§ **Exercise requirements**
Output only the lines that run from the line holding "homeopathy-ayurvedic-medicine-Comparison-Prognosis" to the end of the data below, including both ends, without any pictures.

=====

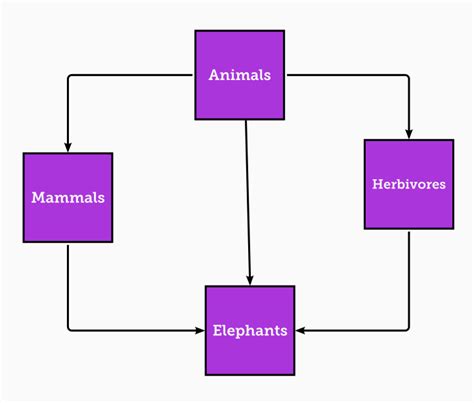 Image result for Real-World Example of Inheritance
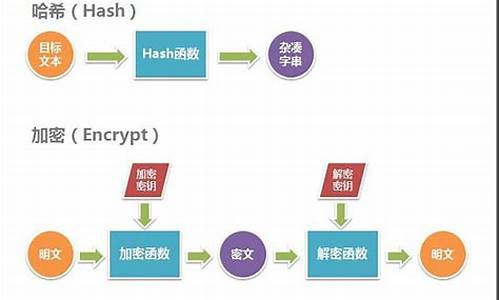 哈希值多少位(哈希值sha256)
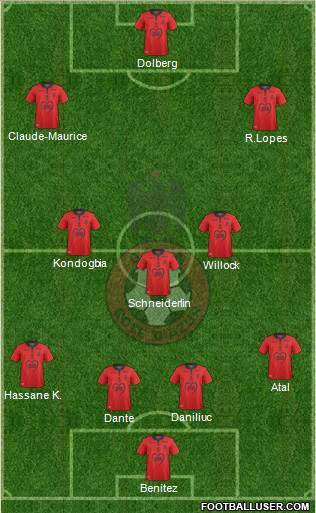 OGC Nice Côte d'Azur Formation 2020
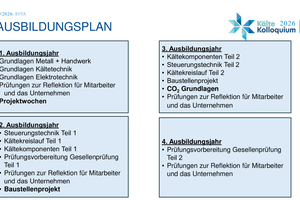  Überblick über den Ausbildungsplan bei Epta. 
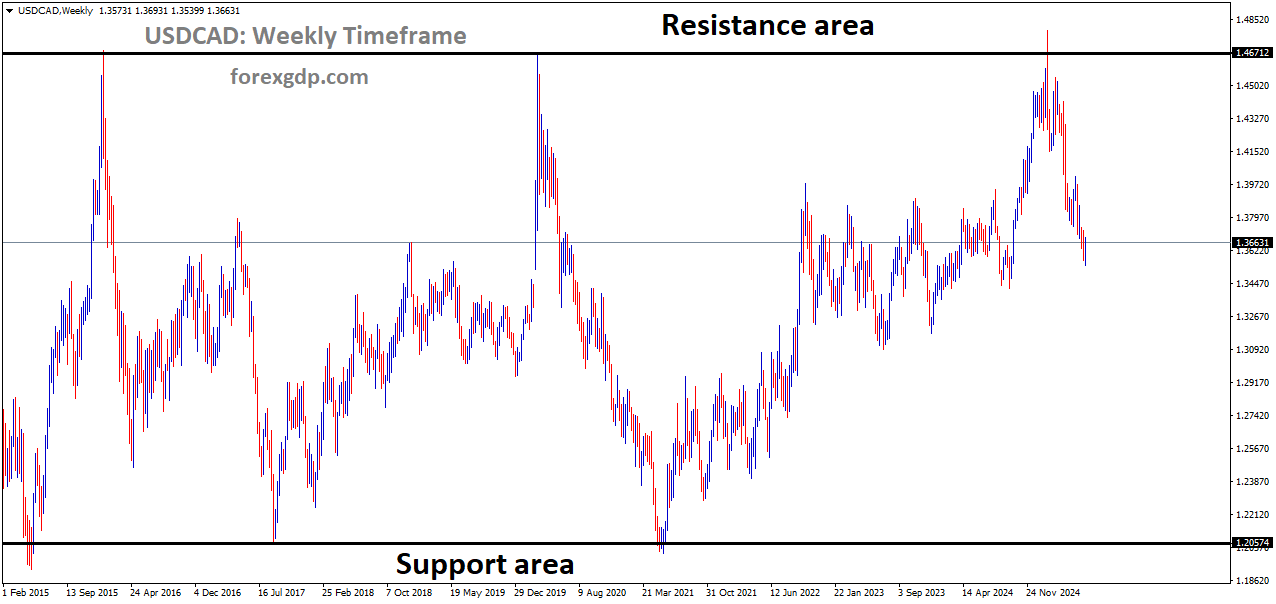 USDCAD is moving in a box pattern, and the market has fallen from the resistance area of the pattern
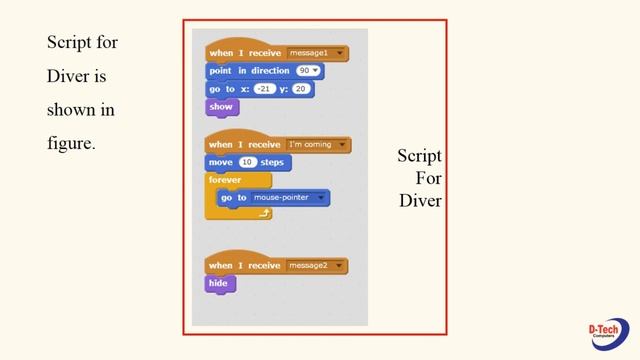 Create Game in Scratch Animation (Download link and link to create online in Description Box) смотреть онлайн
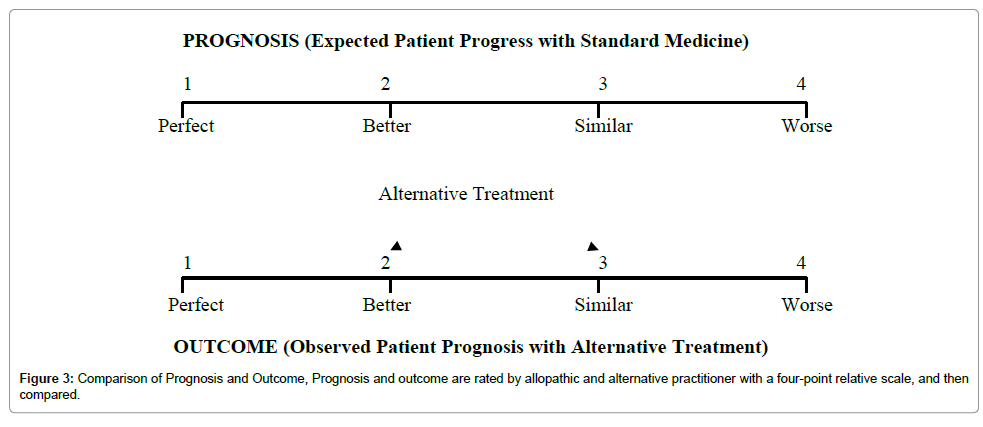 homeopathy-ayurvedic-medicine-Comparison-Prognosis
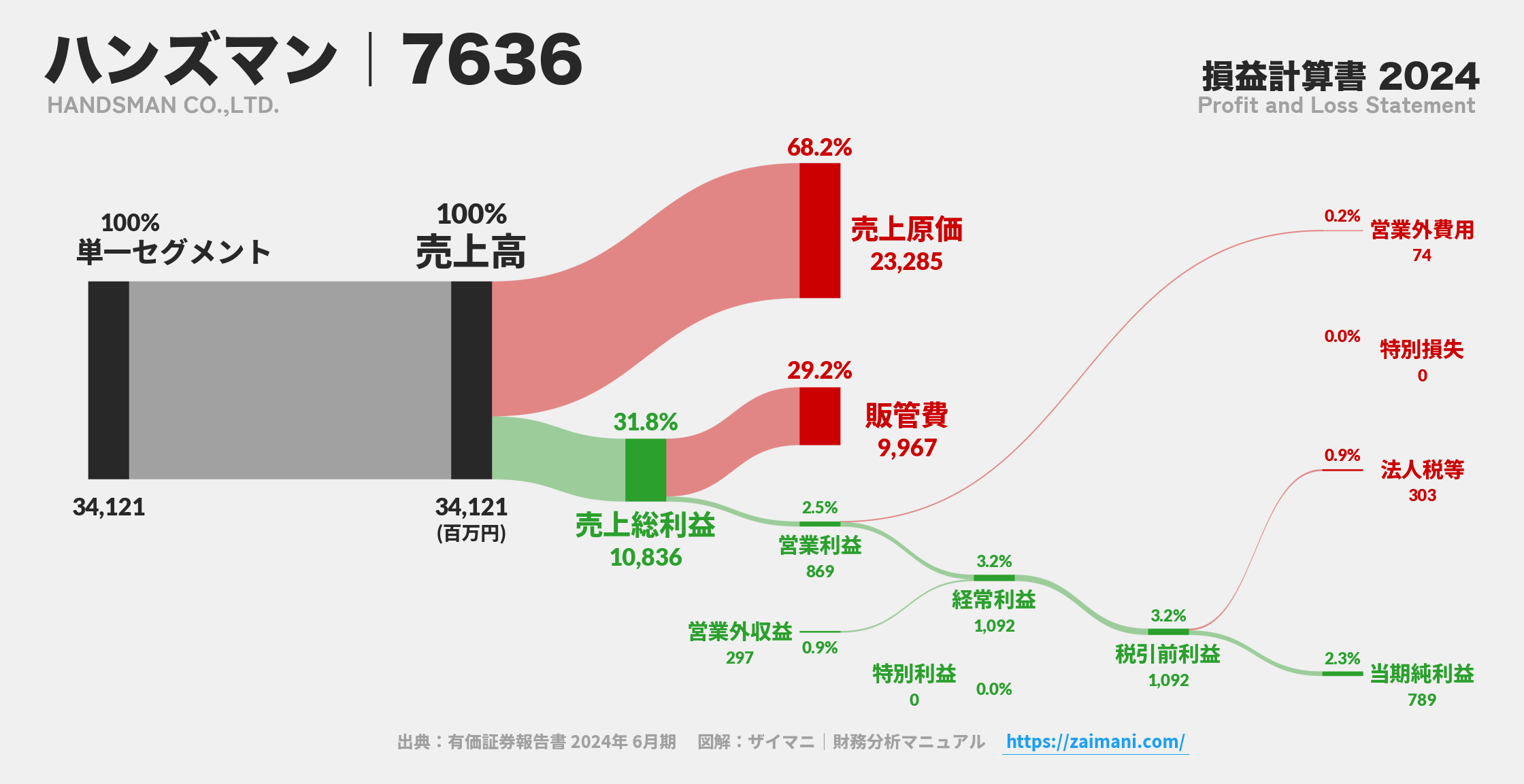 ハンズマン｜7636の損益計算書サンキーダイアグラム図解資料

=====

§ **Response to the task**
 homeopathy-ayurvedic-medicine-Comparison-Prognosis
 ハンズマン｜7636の損益計算書サンキーダイアグラム図解資料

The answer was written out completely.